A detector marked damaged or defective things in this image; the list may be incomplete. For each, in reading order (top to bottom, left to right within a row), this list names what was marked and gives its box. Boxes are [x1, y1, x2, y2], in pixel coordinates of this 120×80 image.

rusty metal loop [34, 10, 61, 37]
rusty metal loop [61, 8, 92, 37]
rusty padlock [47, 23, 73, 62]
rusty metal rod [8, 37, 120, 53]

-*-*-

Each record is to be repeated exactly.

A detector marked damaged or defective things in this image; the list may be incomplete. For each, in reading order (top to bottom, left to right within a row), this list names what was marked and gives its box. Boxes are [x1, y1, x2, y2], in pixel coordinates of this 120×80 image.

rusty metal loop [34, 10, 61, 37]
rusty metal loop [61, 8, 92, 37]
rusty padlock [47, 23, 73, 62]
rusty metal rod [8, 37, 120, 53]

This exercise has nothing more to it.